[Image-text web data]
--- START ---
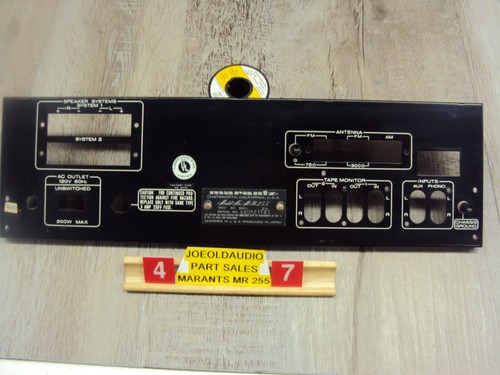 Marantz 255 250 - marantz, mr-255/mr-250/1550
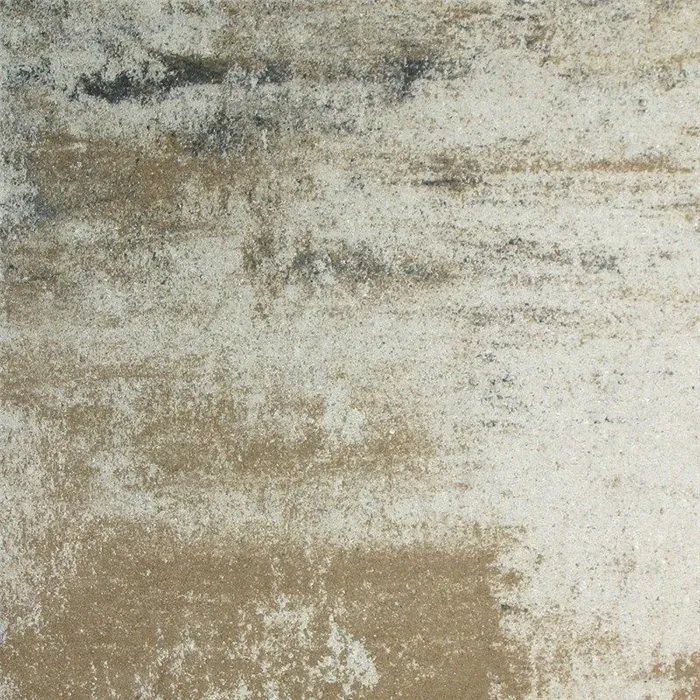 SEMMELROCK ZAHRADNÍ DLAŽDICE ELEGANT / dlaždice se zkosením 40x40x4 cm - bílohnědočerná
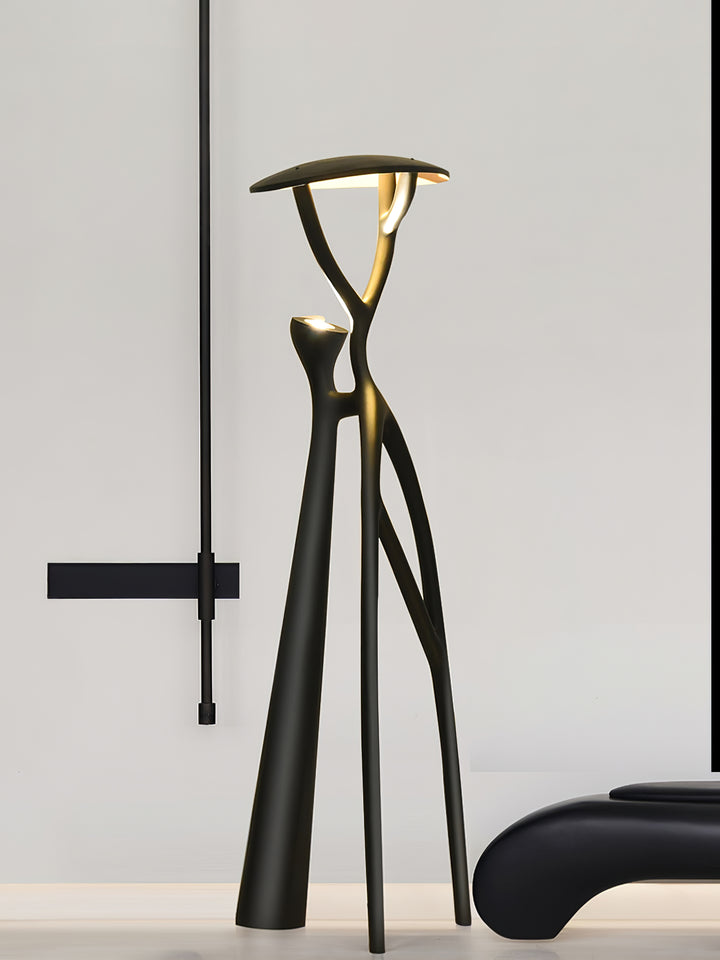 Tree Of Life Sculpture Floor Lamp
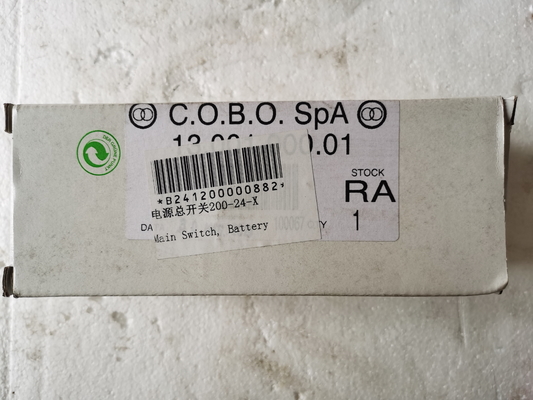 B241200000882 Sakelar Utama, Baterai200-24-X 13.001 COBO untuk derek bergerak SANY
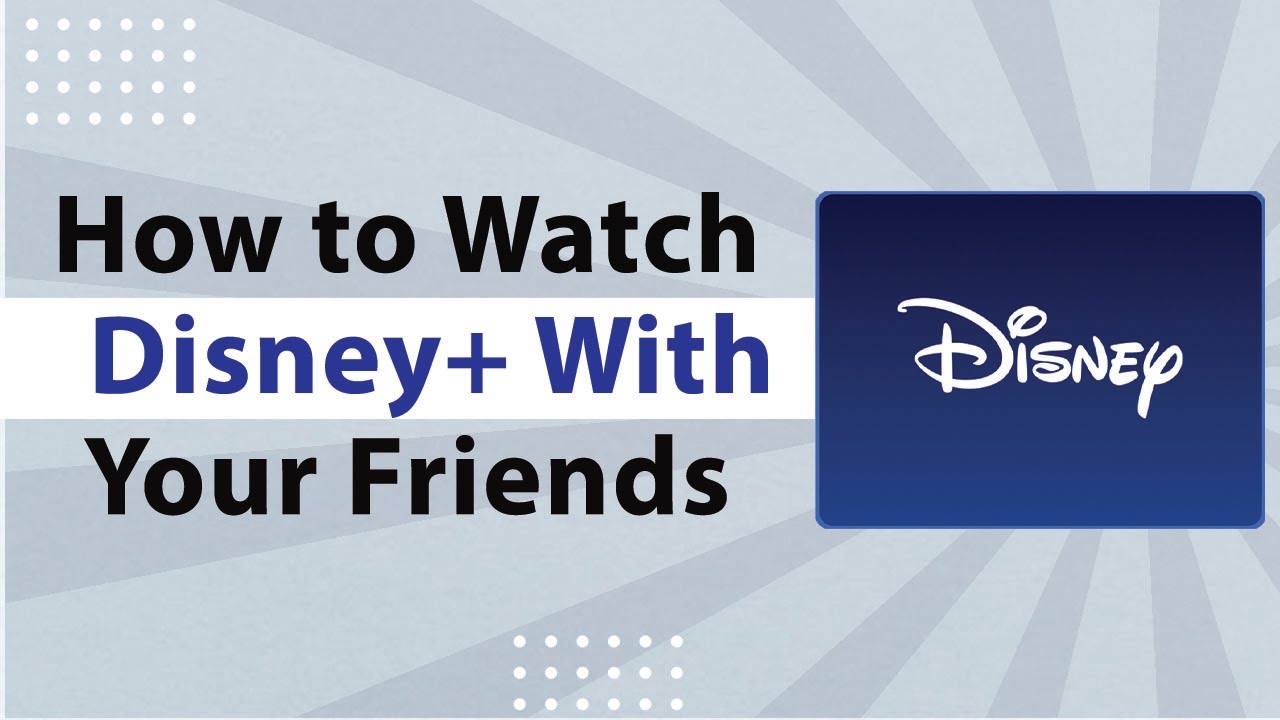 How to Watch Disney Plus With Your Friends on Discord-2024 - YouTube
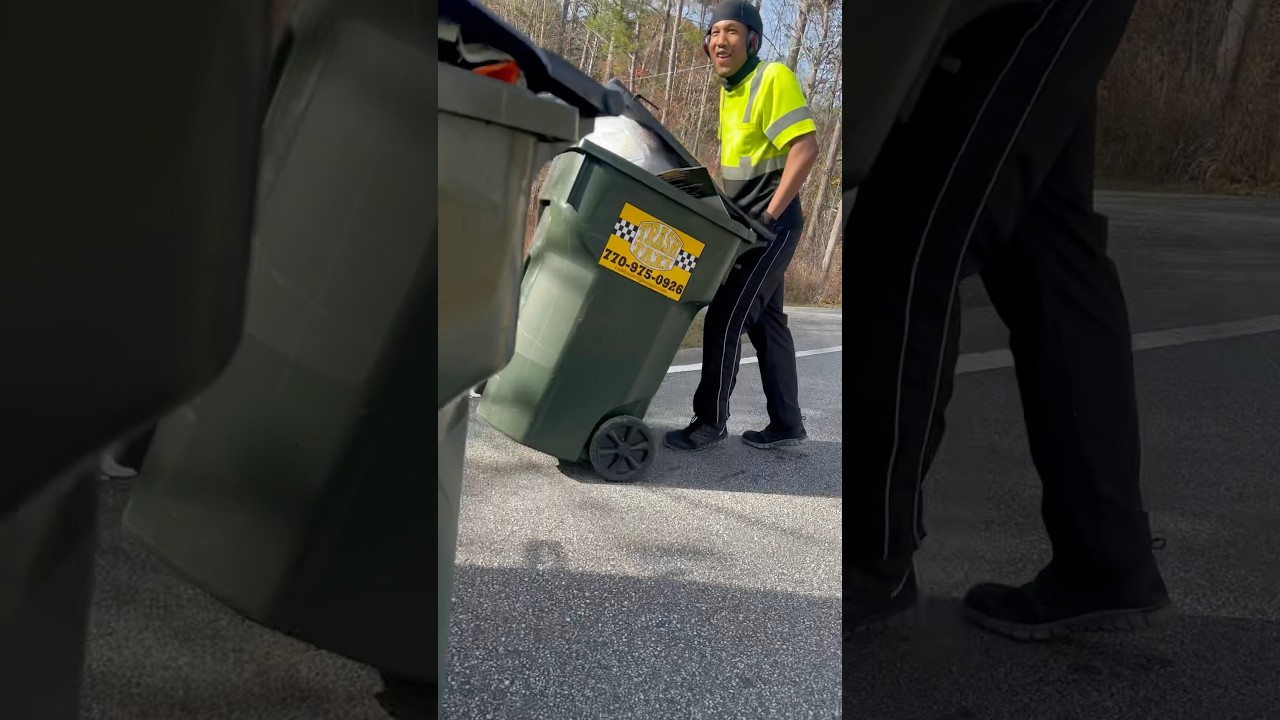 Just Another Day Dumping Trash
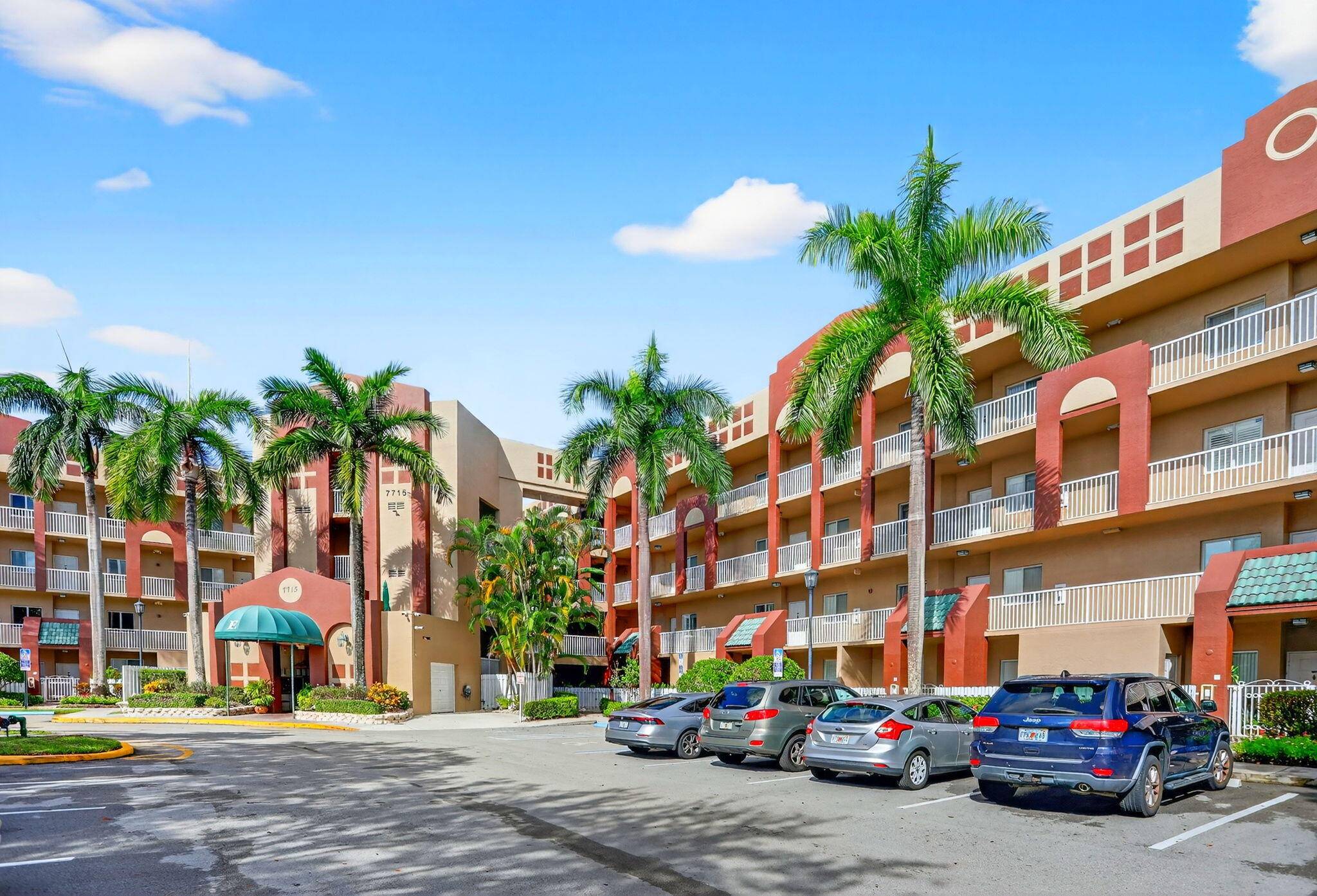 Rarely available ground floor end unit with nearly 2, 000 sq.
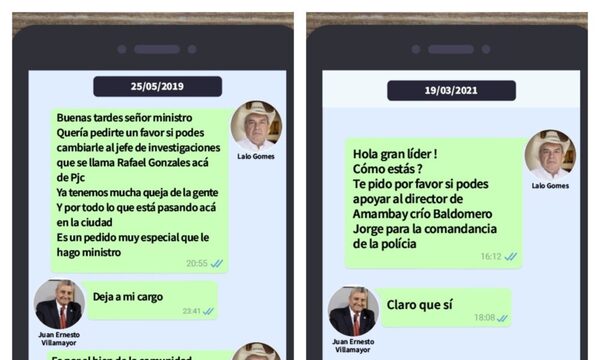 Chat con Villamayor: Lalo, el que mandaba en la policía del abdismo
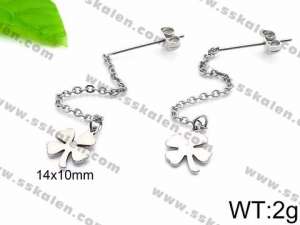 Stainless Steel Earring - KE74277-Z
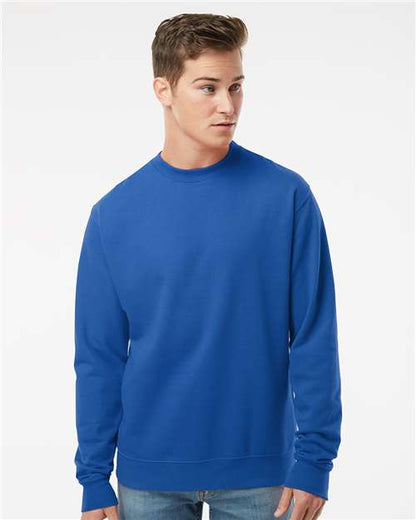 Independent Trading Co. Unisex Midweight Crewneck Sweatshirt SS3000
--- END ---
## Instructions to follow
Copy exactly the lines from the line containing "Chat con Villamayor: Lalo, el" through the last line of the records above, both included, and leave out any pictures.

## Response area
 Chat con Villamayor: Lalo, el que mandaba en la policía del abdismo
 Stainless Steel Earring - KE74277-Z
 Independent Trading Co. Unisex Midweight Crewneck Sweatshirt SS3000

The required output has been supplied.